> [ACTIVITY]: Needed from the data below: all lines that contain the word "more".

> [EXERCISE INPUTS]:
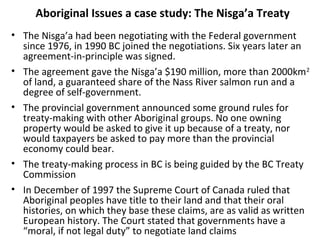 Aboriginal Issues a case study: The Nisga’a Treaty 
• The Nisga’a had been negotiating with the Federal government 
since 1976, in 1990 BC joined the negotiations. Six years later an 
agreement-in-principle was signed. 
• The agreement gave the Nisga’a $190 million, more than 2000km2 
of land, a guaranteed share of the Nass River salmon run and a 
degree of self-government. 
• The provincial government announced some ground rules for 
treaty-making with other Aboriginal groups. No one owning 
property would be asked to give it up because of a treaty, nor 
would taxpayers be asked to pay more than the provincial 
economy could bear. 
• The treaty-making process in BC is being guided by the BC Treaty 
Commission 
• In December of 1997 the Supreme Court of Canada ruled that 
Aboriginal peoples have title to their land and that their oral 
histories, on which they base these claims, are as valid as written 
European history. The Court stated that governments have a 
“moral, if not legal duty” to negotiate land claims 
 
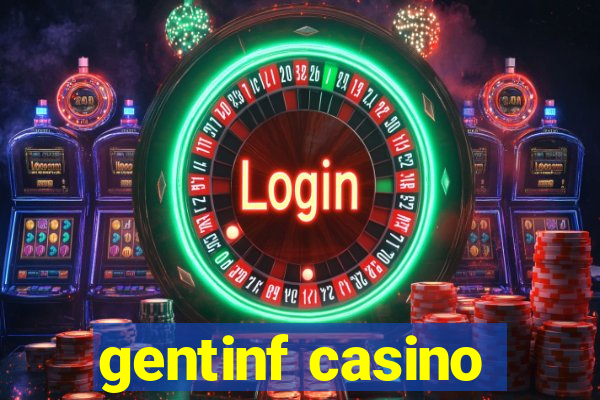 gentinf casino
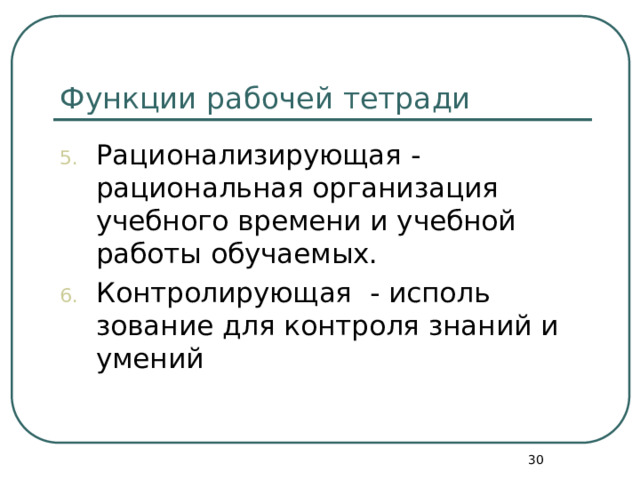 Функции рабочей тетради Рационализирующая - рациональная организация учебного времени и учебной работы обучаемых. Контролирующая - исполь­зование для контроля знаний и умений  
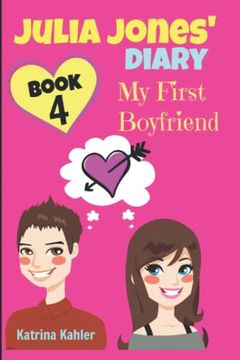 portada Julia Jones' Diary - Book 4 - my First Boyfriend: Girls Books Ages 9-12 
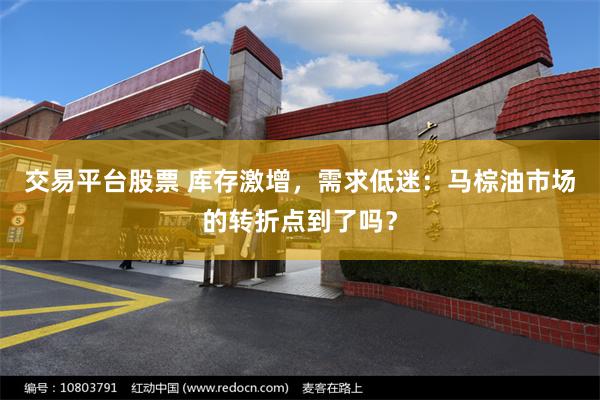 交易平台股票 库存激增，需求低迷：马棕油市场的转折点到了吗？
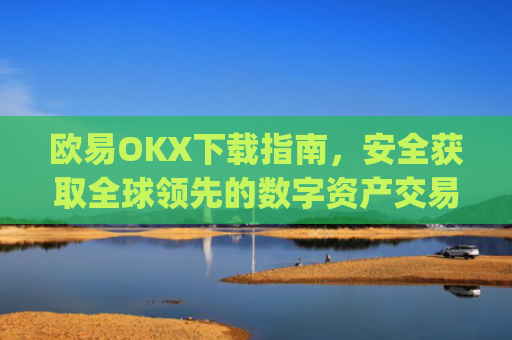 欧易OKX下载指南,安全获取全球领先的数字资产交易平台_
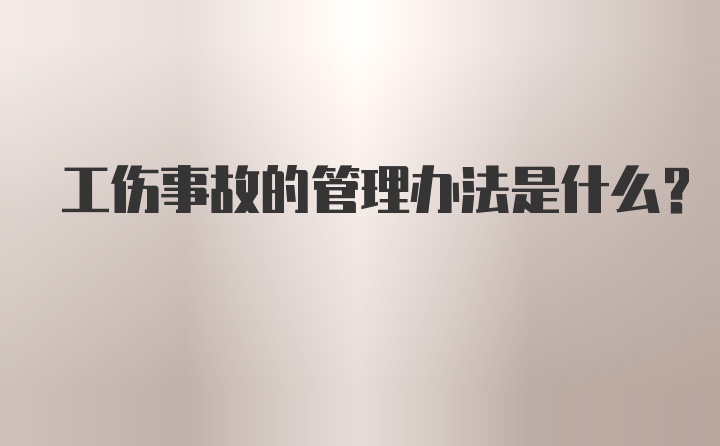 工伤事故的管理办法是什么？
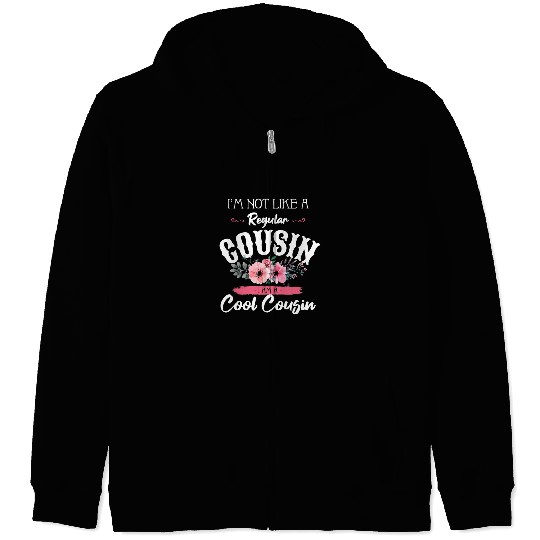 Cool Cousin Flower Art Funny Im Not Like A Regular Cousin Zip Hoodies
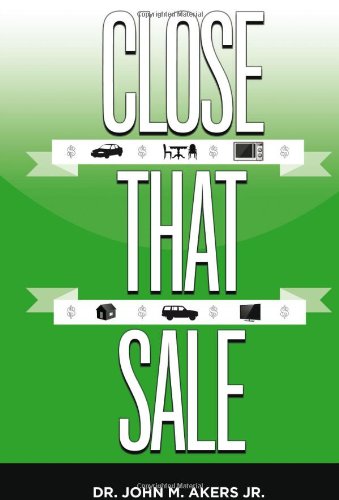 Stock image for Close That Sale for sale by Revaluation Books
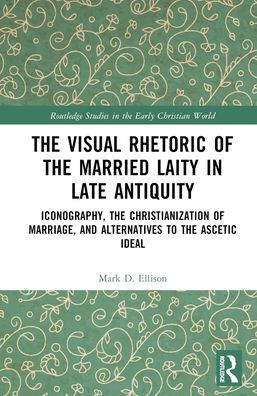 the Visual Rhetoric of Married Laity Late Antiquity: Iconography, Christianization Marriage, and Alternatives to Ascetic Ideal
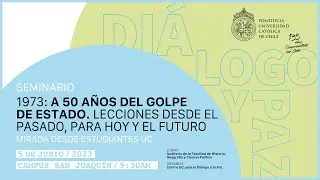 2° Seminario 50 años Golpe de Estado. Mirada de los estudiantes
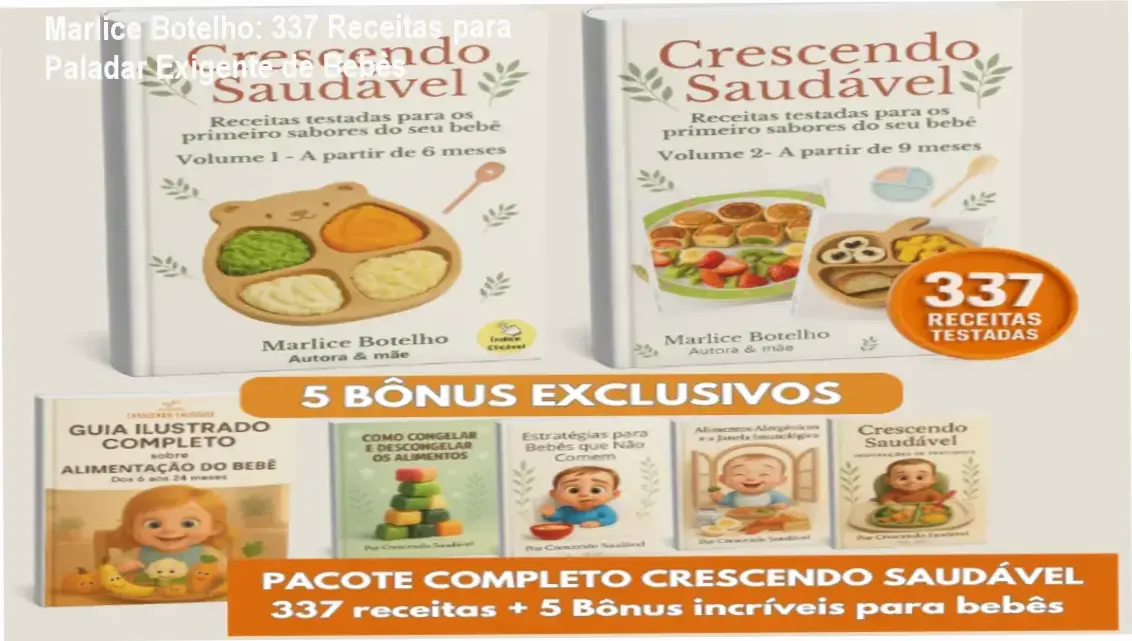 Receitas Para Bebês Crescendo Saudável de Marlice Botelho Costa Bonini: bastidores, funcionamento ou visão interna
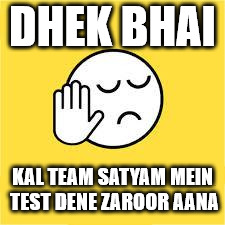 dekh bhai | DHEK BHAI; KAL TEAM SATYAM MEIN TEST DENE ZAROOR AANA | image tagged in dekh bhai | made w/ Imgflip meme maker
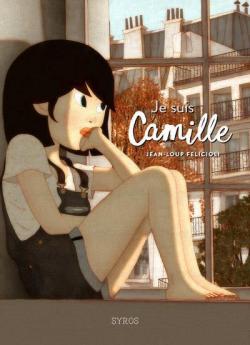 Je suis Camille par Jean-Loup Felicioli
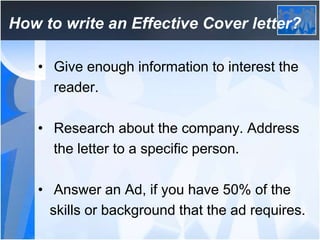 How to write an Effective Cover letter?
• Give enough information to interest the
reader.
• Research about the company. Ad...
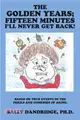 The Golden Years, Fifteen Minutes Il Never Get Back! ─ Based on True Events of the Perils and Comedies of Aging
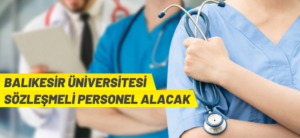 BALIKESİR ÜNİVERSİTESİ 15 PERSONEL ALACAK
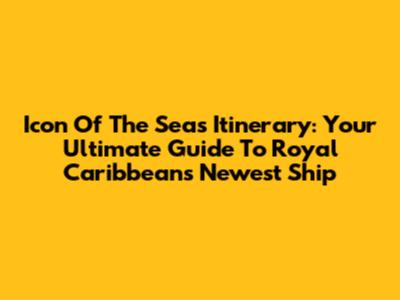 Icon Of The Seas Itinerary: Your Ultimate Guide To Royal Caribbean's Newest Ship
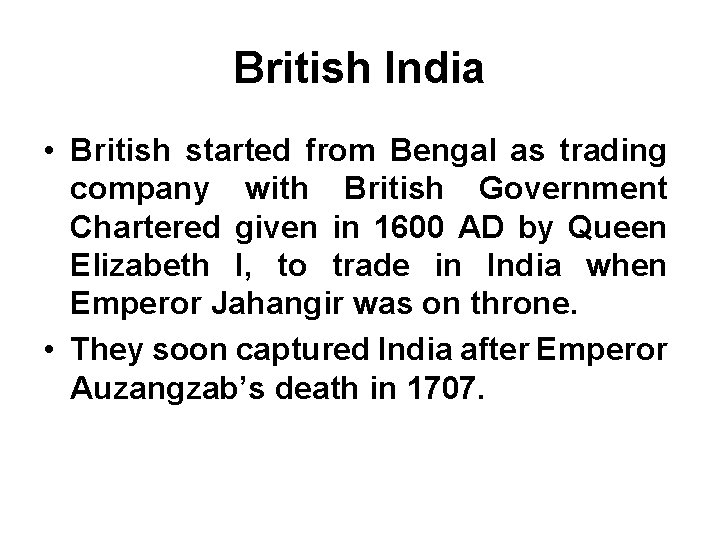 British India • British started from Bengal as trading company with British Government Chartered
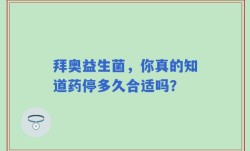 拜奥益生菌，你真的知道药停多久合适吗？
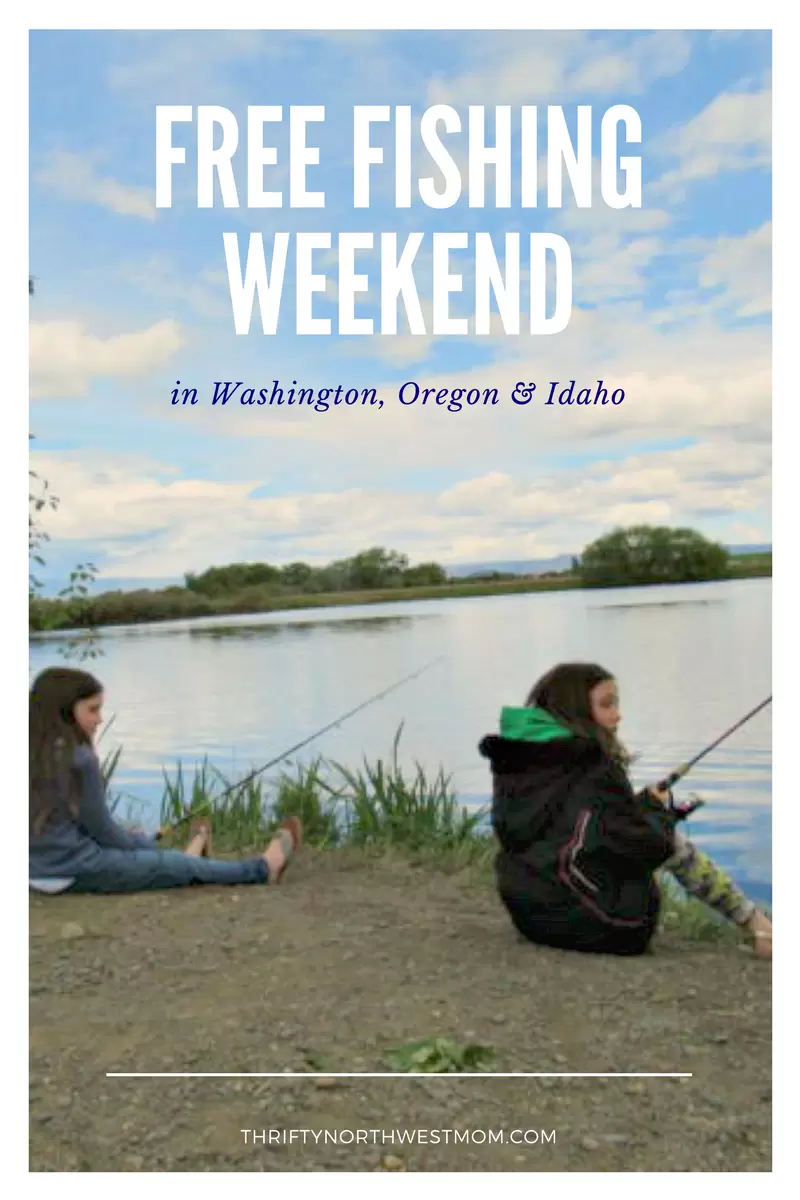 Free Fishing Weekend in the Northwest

> [SOLUTION]:
• The agreement gave the Nisga’a $190 million, more than 2000km2 
would taxpayers be asked to pay more than the provincial 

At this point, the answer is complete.